The records follow. Transcribe only the lines from the line containing "Used Thermo 88881103" through the end, both ends included, and leave out the pictures.
(Beginning of EXERCISE DATA)
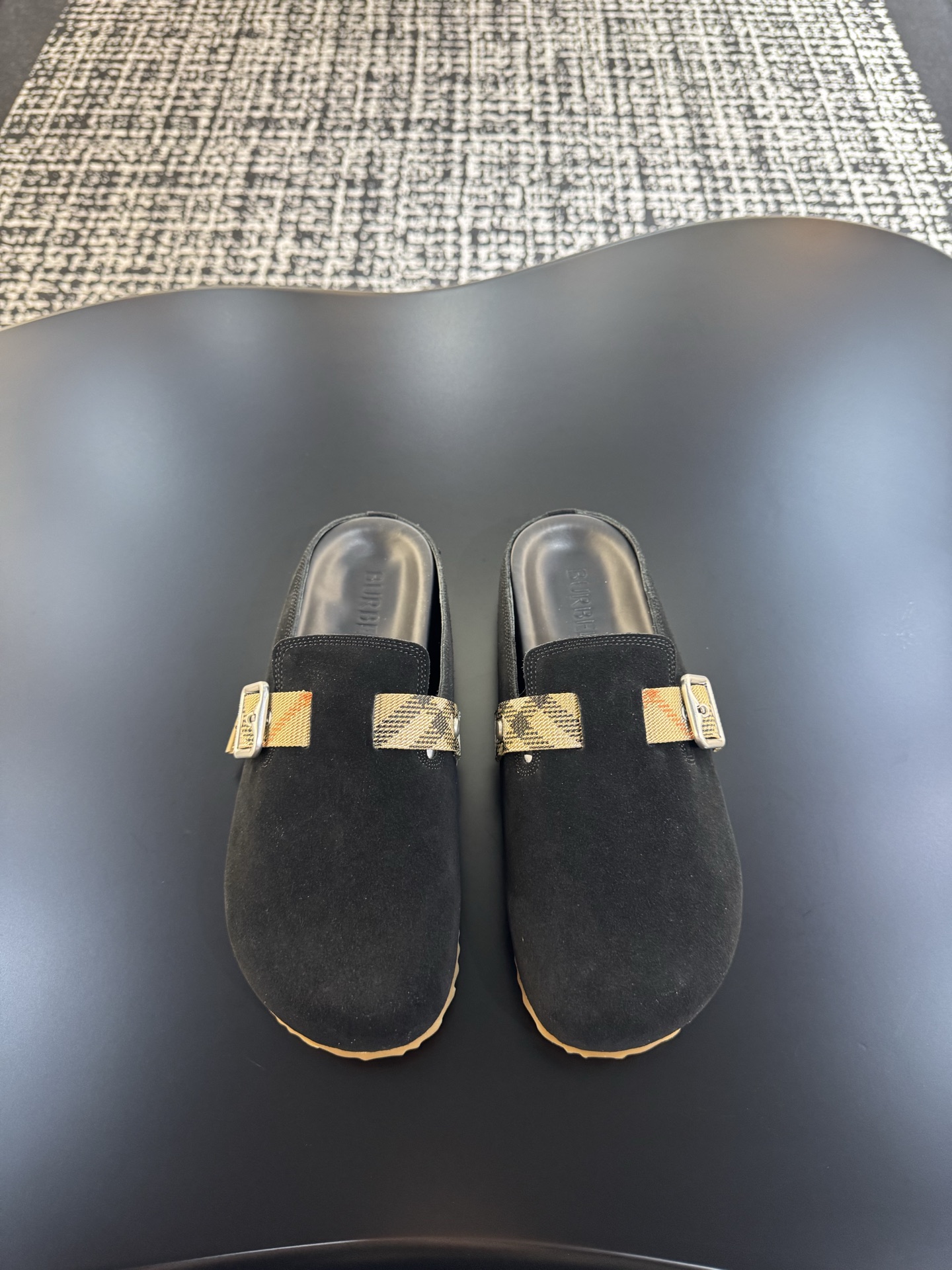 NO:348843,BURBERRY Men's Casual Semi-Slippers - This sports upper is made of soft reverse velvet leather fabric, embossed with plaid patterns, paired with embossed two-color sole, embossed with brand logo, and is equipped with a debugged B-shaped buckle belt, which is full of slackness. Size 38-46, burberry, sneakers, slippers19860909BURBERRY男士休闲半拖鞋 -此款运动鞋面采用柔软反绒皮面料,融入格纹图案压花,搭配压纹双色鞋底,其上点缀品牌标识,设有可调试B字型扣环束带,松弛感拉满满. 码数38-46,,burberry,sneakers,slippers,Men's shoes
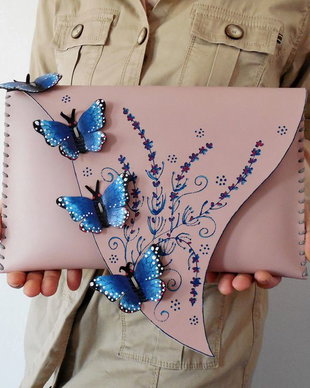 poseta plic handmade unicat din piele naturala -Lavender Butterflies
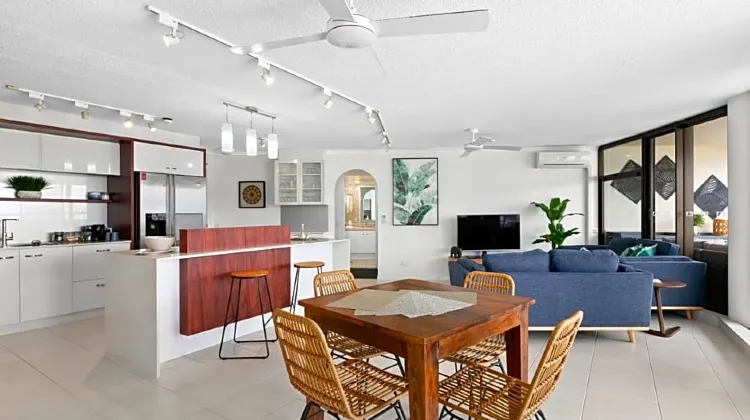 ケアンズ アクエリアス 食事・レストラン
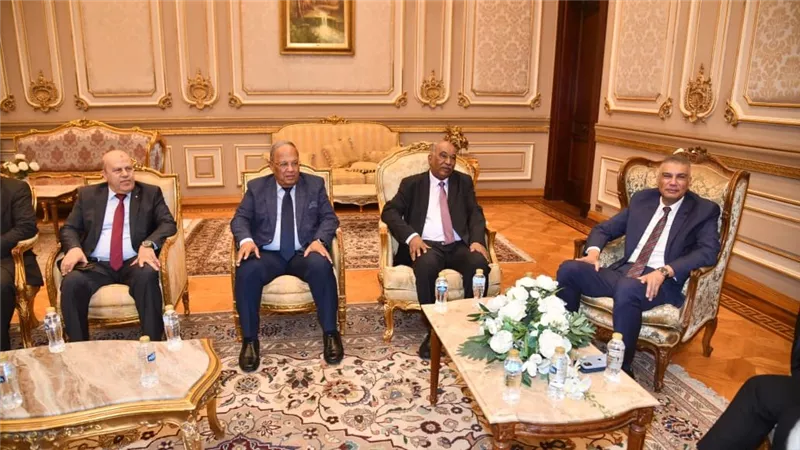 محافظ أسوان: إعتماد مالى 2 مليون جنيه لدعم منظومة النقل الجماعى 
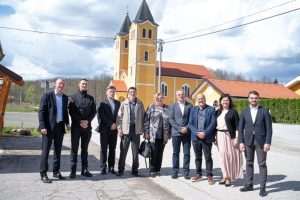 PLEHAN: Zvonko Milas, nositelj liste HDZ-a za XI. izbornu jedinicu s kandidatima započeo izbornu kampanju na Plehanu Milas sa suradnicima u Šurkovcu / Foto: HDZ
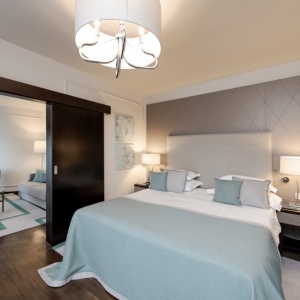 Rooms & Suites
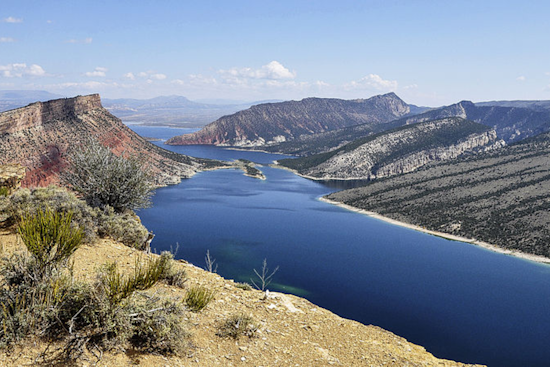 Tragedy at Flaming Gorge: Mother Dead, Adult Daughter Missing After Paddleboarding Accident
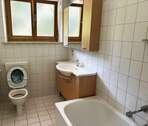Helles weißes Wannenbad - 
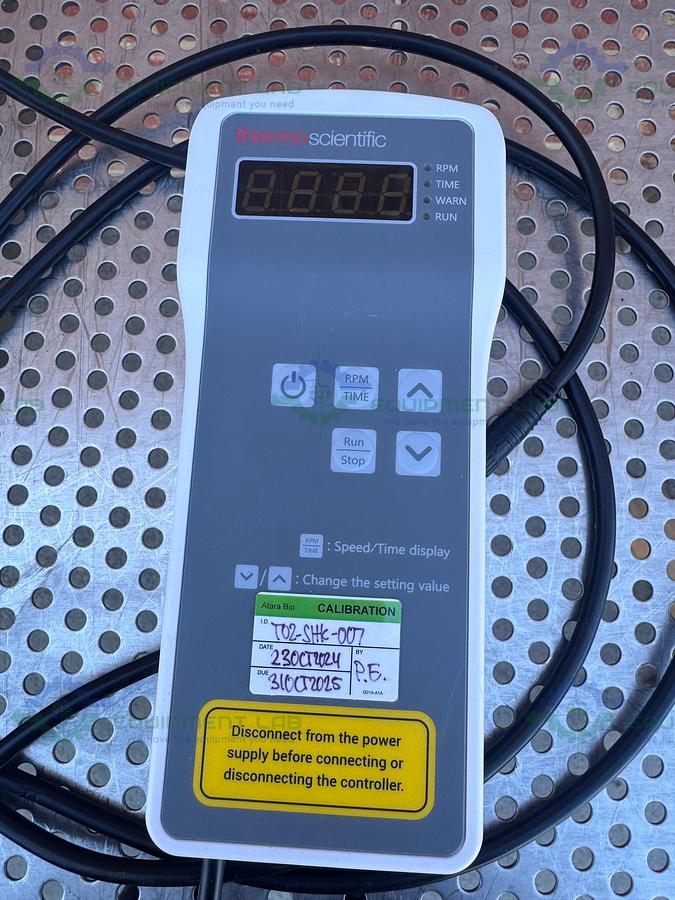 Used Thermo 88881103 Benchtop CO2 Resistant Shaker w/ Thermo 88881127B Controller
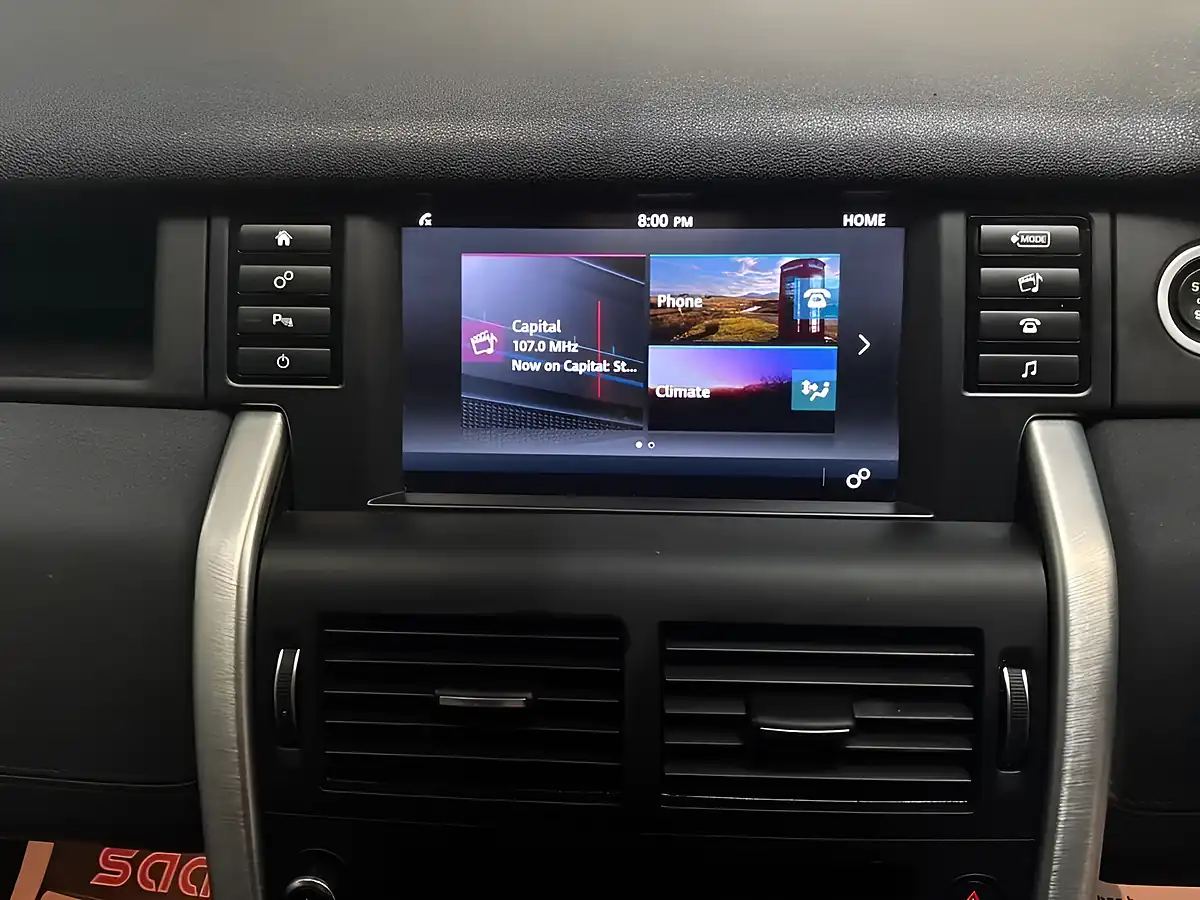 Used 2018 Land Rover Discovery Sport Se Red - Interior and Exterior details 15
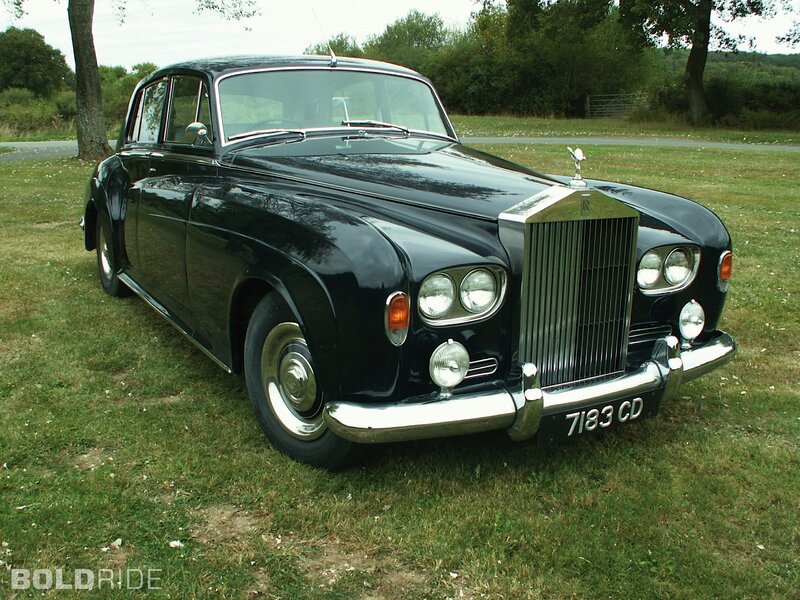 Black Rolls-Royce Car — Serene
(End of EXERCISE DATA)
• RESULT OF THE TASK:
 Used Thermo 88881103 Benchtop CO2 Resistant Shaker w/ Thermo 88881127B Controller
 Used 2018 Land Rover Discovery Sport Se Red - Interior and Exterior details 15
 Black Rolls-Royce Car — Serene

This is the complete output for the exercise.